Penhora de bens; bens relativamente impenhoráveis;
"instrumentos de trabalho"
1. O sumário de RC 12/11/2024 (3596/10.5TJVNF-B.C2) é o seguinte:
I - A impenhorabilidade relativa do artº 737º nº2 do CPC, que proíbe a penhora dos instrumentos de trabalhos e os objetos indispensáveis ao exercício da atividade ou formação profissional do executado – lato sensu, que podem incluir bens móveis ou imóveis -, emerge se se provar que o bem penhorado é estritamente indispensável ao exercício de tal atividade, em termos tais que a cessação desta implique intolerável efetação/prejuízo para os interesses vitais e de subsistência do executado, unicamente considerados, e ainda por reporte à afetação do status económico financeiro do exequente decorrente da pretendida impenhorabilidade.
II - Provado que o executado é agricultor e criador de gado, exercendo tais atividades no prédio misto penhorado, e que delas ele retira a esmagadora maioria – mais de 120 mil euros - dos seus proventos, sendo a exequente a CGD, emerge a impenhorabilidade relativa deste bem dado à penhora.
2. O acórdão tem o seguinte voto de vencido:
«Vencido.
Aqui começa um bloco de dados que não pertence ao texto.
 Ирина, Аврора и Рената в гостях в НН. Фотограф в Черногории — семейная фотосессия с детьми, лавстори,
Revogaria a decisão, pelas seguintes razões:
1 - Quando no artigo no artigo 737.º, n.º 2 do CPC, se isentam de penhoras os "instrumentos" de trabalhos e os "objetos" indispensáveis ao exercício da atividade ou formação profissional do executado, têm-se em vista, em regra, bens móveis (instrumentos/objetos) cujo valor não é elevado, mas que permitem ao executado sobreviver profissionalmente.
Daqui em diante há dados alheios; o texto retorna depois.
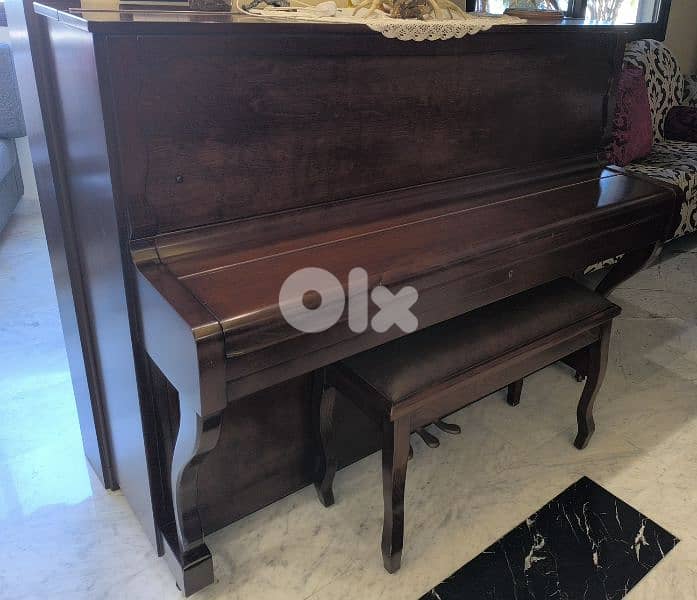 Yamaha U1 upright + Chair 1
Procura-se, pois, com esta isenção, proteger o executado, por razões humanitárias, transferindo para a esfera jurídica do exequente o custo desse benefício atribuído pela lei ao executado, mas sem que esse ónus colocado sobre o exequente seja desproporcionado, até porque, em abstrato, o exequente pode estar tão necessitado economicamente como o executado (em concreto, no caso dos autos, essa paridade não ocorre).
Deste modo, um imóvel composto por terra de semeadura e olival, na qual se encontra construída uma ordenha e um estábulo, com anexos e logradouro, não cabe no conceito de "instrumentos de trabalho", nem no de "objetos indispensáveis ao exercício da atividade profissional do executado".
2 – Em processo executivo, no contexto da penhora os conceitos de "instrumentos" e "objetos" referem-se a bens penhoráveis e estes estão distribuídos por três categorias, móveis, imóveis e direitos.
Deste modo, deve-se fazer uma interpretação dos conceitos "instrumentos" e "objetos" no âmbito destas categorias de bens e dentro destas categorias não é usual em sede de penhora o legislador deferir-se a imóveis como "instrumentos" ou "objetos".
O legislador pode referir-se a um imóvel como "objeto" afirmando que certo prédio é objeto do direito de propriedade, mas aqui o conceito "objeto" é utilizado num contexto filosófico, onde se alude a uma relação jurídica entre o sujeito dos direitos e o objeto dos direitos.
No caso da penhora tal não ocorre, objeto é algo móvel, não um imóvel e o mesmo vale para o conceito de instrumento.
3 – Se o bem penhorado fosse considerado impenhorável, então seriam impenhoráveis inúmeros estabelecimentos comerciais ou, como diz a recorrente, "imóveis nos quais fosse exercida qualquer atividade profissional, como lojas e escritórios, ou até as habitações nas quais exerçam as suas funções os trabalhadores em teletrabalho."
Julgaria, pois, procedente o recurso.»